How does back propagation work for convolutional neural networks? Let’s take advantage of this simple example to answer this question. The image contains 9 grids (3x3). Presumably the kernel window size is 2x2 (instead of 1x1), the overall number of neurons is 4. Let’s take our first batch from the image which has a purple border. The weight that corresponds to W4, let’s denote it with B. When we slide the kernel window to the right, the next patch will have the parameter A for the weight of the W4. We eventually realize that we actually have four different locations where W4 is used again and again. Let’s assume that the neuron weight is not named as W4, but four different parameters, A, B, C and D. How will back propagation work then? We get to the gradients as follows: dL, dA, dL, dB, and so forth. When we work on the back-propagation, we have to make a step in the direction opposite to the gradient (that’s why it’s called back-propagation), right? If we look at all these update rules then you can see that we were updating A, B, C, and D, with some rule, but actually, A, B, C and D, are all directed to the same parameter, which is W4. Why is that? Because we shared this neuron in one 3x3 convolutional layer. That means that we’re effectively changing the value of W4 in four sequential steps, and in each step, the gradient is taken. Hence, the overall gradient is equal to the sum of four subsequential gradients for all the parameters, A, B, C and D. That’s how the back propagation works for every single convolutional layer. In brief, for the same shared weight neuron, we just sum up their weights in the forward propagation. In the backward propagation, on the other hand, we just sum up corresponding gradients to A, B, C and D as the overall variation size in W4 by sliding the kernel window across the entire input image. In every single convolutional layer, the same kernel window is applied to the input image and then produces output neurons (one neuron is generated per convolution operation, which is the inner-product of patch and the same kernel window). By following this principle, weight parameters can be shared, so that a model’s performance can be getting better and better during the training process.

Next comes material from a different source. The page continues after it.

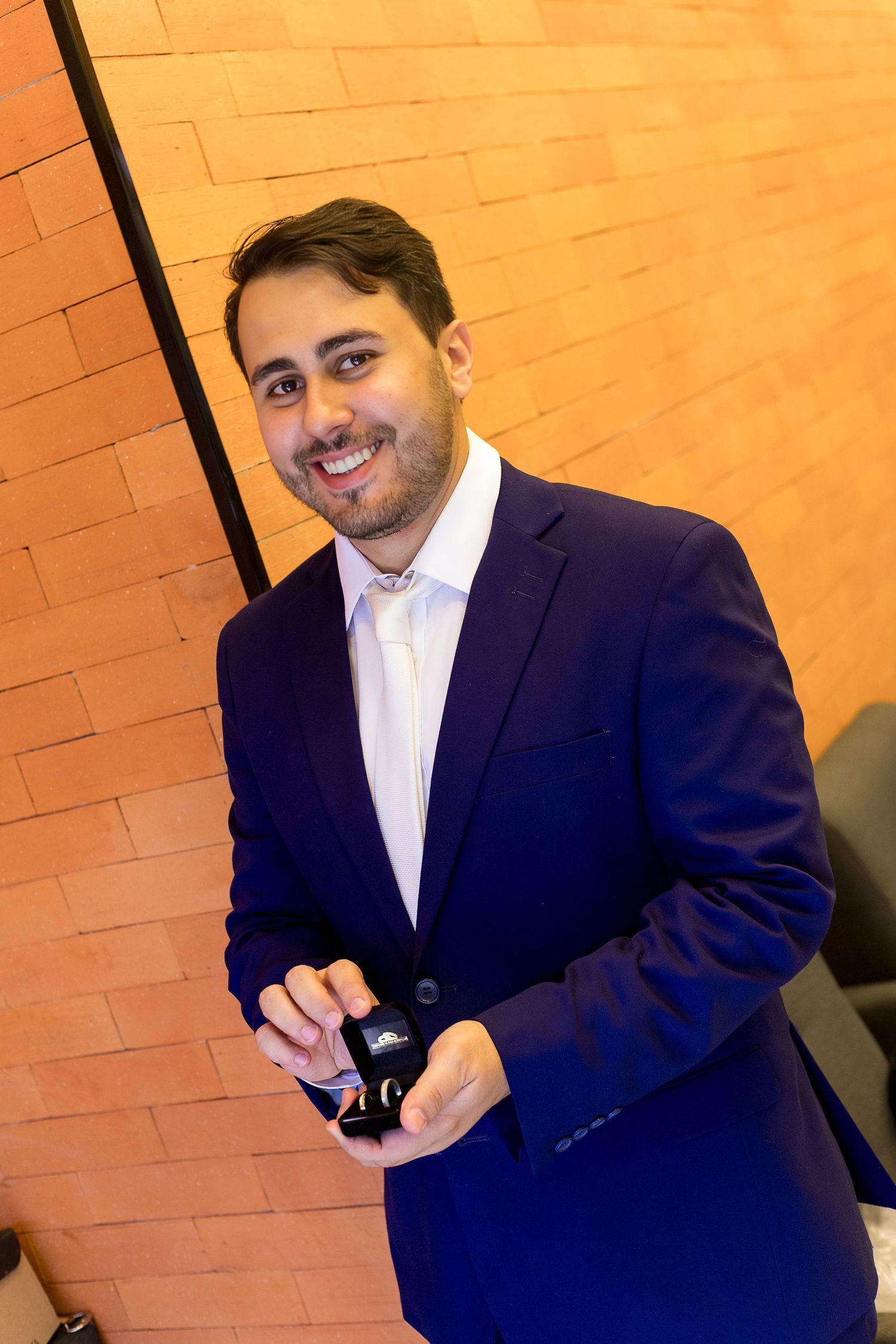 Smiling man in blue blazer holding a small box, standing against an orange brick wall.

Lets recall that cat problem as mentioned earlier. When the cat appears in different regions for different images, how can we construct one effective model and train it to produce the same cat feature map? MLP cannot solve this problem. The convolutional neural network model is capable of handling this problem. With the convolutional layer, we will train the same cat features, wherever a cat is in diferent input images. Let’s look at the example, we have a 300 by 300 the input, the same size of output and five by five convolutional kernel. In the convolutional layer, we will only need 26 (=5x5+1) parameters to train. What if we want to make it a fully connected layer, where each output is a perceptron? If this is the case, then we will need eight billion of parameters. That is too much. The convolutional layer can be viewed as a special case of a fully connected layer, because, in the covolutional layer, all the weights outside the local receptive field of each neuron equals to zero, and all kernel parameters are shared among neurons.

To wrap it up, we have introduced about why the convolutional layer matters and how it works better than one fully connected layer for images. This convolutional layer will be used as a building block for large and narrow networks.